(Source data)
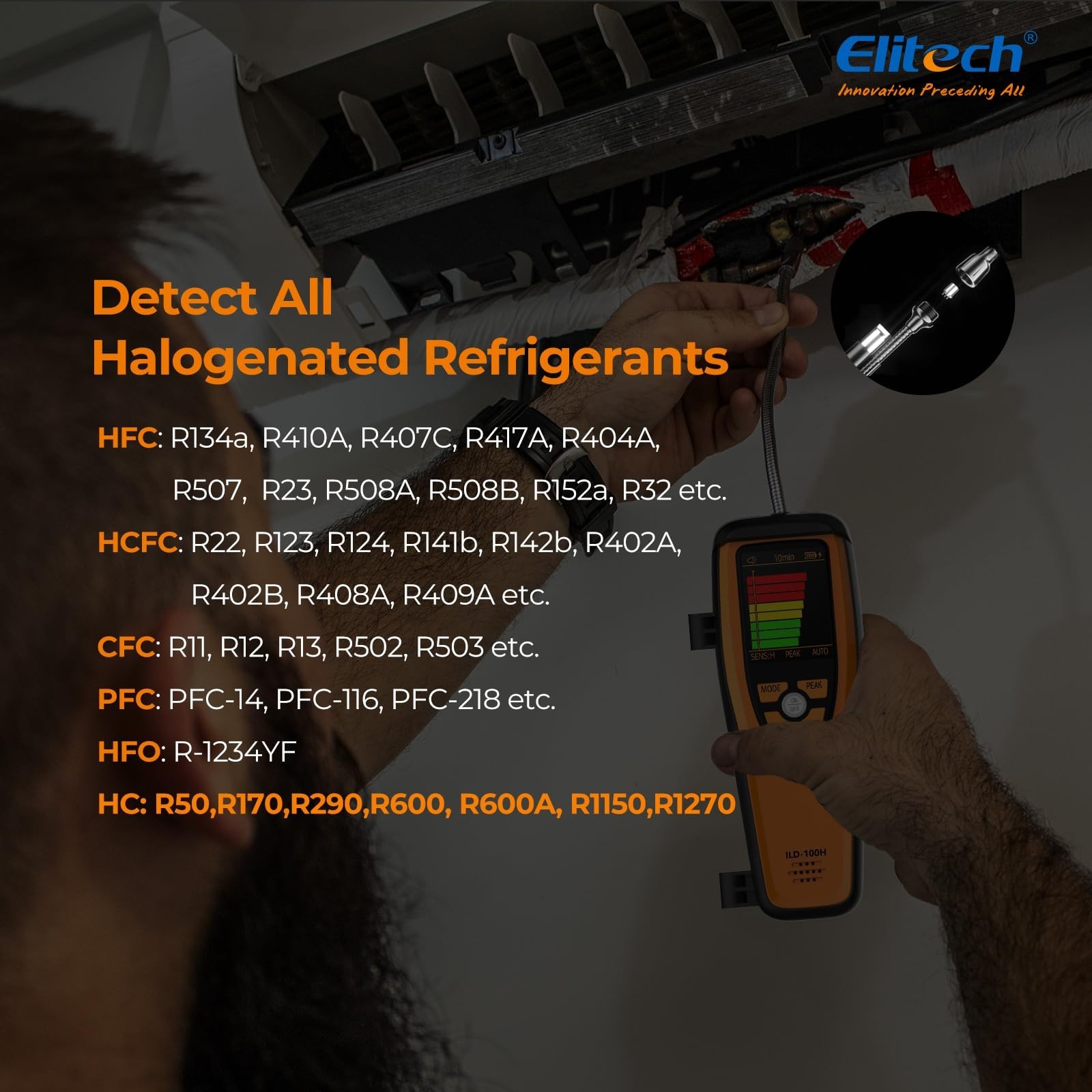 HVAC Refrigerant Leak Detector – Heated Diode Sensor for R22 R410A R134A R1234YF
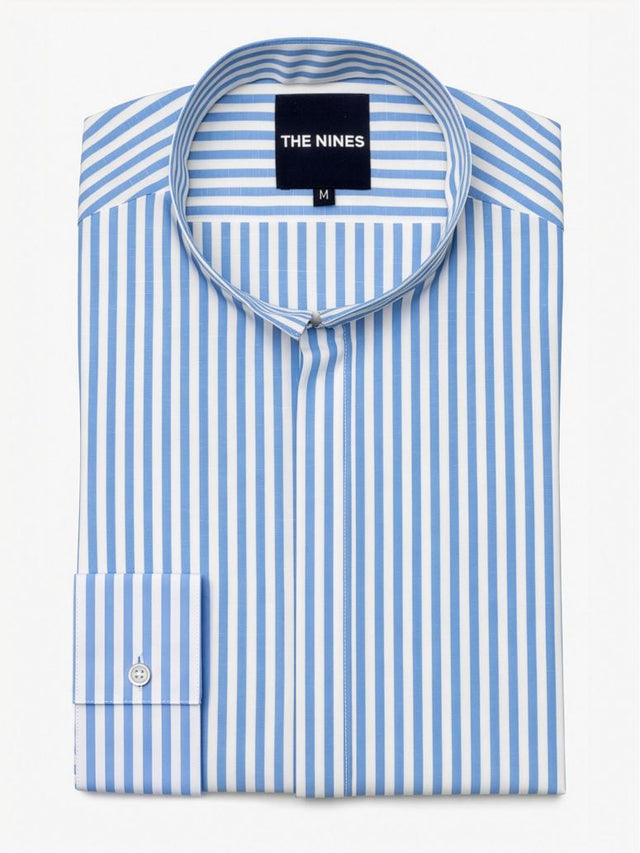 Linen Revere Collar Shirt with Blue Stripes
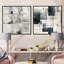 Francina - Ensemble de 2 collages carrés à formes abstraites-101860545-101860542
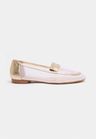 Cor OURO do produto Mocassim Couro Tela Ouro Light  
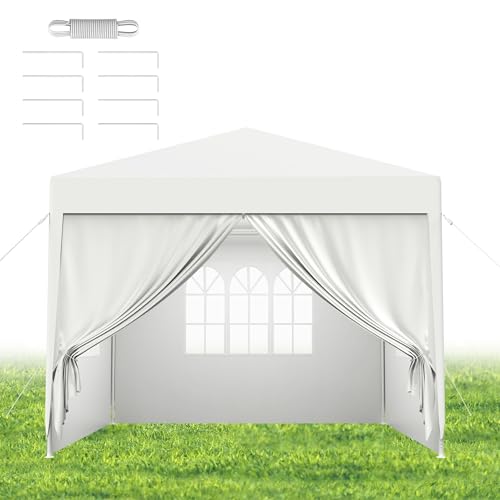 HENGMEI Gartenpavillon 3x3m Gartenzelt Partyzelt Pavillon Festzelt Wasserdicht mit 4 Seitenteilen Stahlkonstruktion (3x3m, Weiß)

AIM OF THE EXERCISE –
Could you repeat the data exactly, omitting its pictures?

OUTPUT OF THE TASK –
 HVAC Refrigerant Leak Detector – Heated Diode Sensor for R22 R410A R134A R1234YF
 Linen Revere Collar Shirt with Blue Stripes
 Francina - Ensemble de 2 collages carrés à formes abstraites-101860545-101860542
 Cor OURO do produto Mocassim Couro Tela Ouro Light  
 HENGMEI Gartenpavillon 3x3m Gartenzelt Partyzelt Pavillon Festzelt Wasserdicht mit 4 Seitenteilen Stahlkonstruktion (3x3m, Weiß)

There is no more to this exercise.